The next evolution of finance will break away from the traditional "portfolio and search box" interface. Instead, trading will be embedded directly into new contexts and "modalities." Examples include trading via Telegram bots, placing micro-bets on live sports via a TV interface, or interacting with prediction markets directly within a news article.
Multicoin's Kyle Samani gave up on Ethereum in 2017 after its leadership failed to present a clear scaling plan. He perceived a culture that was "to their core culturally oblivious" to the urgent need for a solution. This perceived failure in execution and focus, at the peak of Ethereum's dominance, directly motivated his firm to aggressively seek alternatives.
Multicoin's conviction in Solana came from underwriting its founder, Anatoly Yakovenko. Unlike competitors focused on academic breakthroughs, Yakovenko prioritized shipping code and explicitly avoided trying to solve unsolved computer science problems. This pragmatic, execution-focused approach was the key differentiator that earned Multicoin's bet in the crowded Layer-1 race.
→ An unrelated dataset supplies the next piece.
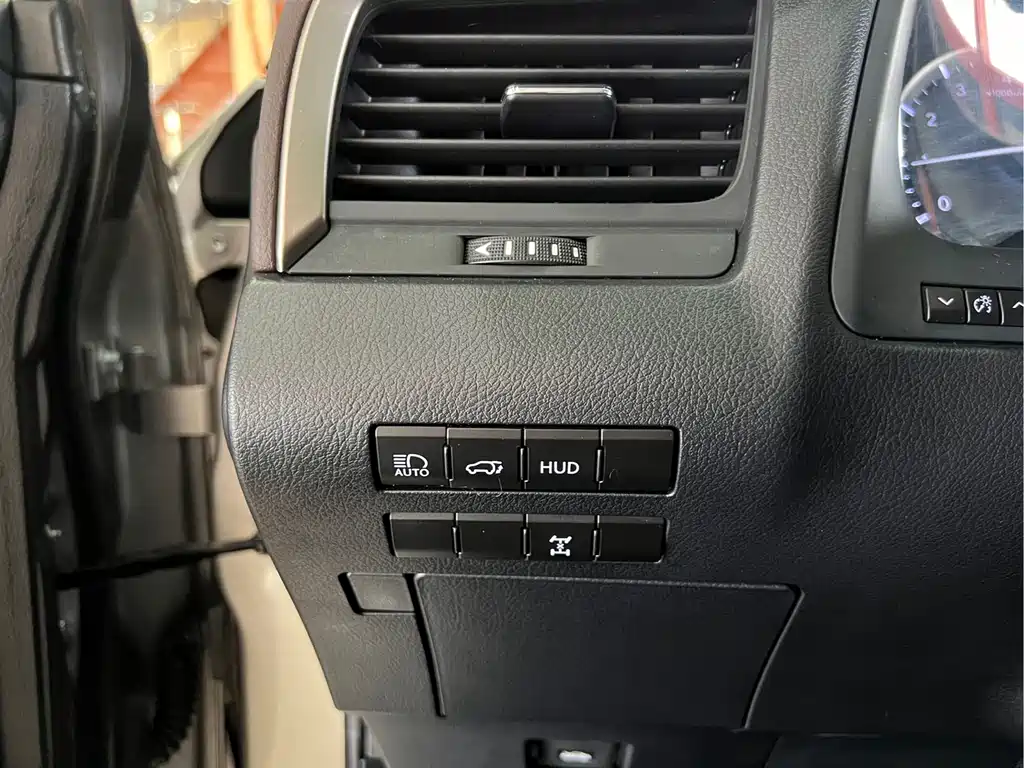 Lexus RX — фото 19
Kyle Samani has completely abandoned the thesis that crypto's future lies in non-financial consumer dApps (Web3). He now believes the thesis is "just wrong." Instead, crypto's primary role in developed nations will be as invisible financial plumbing, while its main user-facing application is for international users who need access to stablecoins.
Kyle Samani is "intellectually short" Bitcoin because he sees it as an unproductive asset. He argues platforms like Ethereum and Solana offer the same core benefits—a fixed, code-defined supply—while also being economically productive. This makes them a superior long-term asset class from a first-principles perspective, despite his firm holding some Bitcoin financially.
Multicoin's central thesis is that crypto's ultimate purpose is creating "Internet Capital Markets"—the ability to trade any asset, from anywhere, 24/7, via any software. This broad vision of permissionless, programmable finance is seen as the most significant long-term impact of blockchain, destined to supersede more niche consumer applications or "Web3" concepts.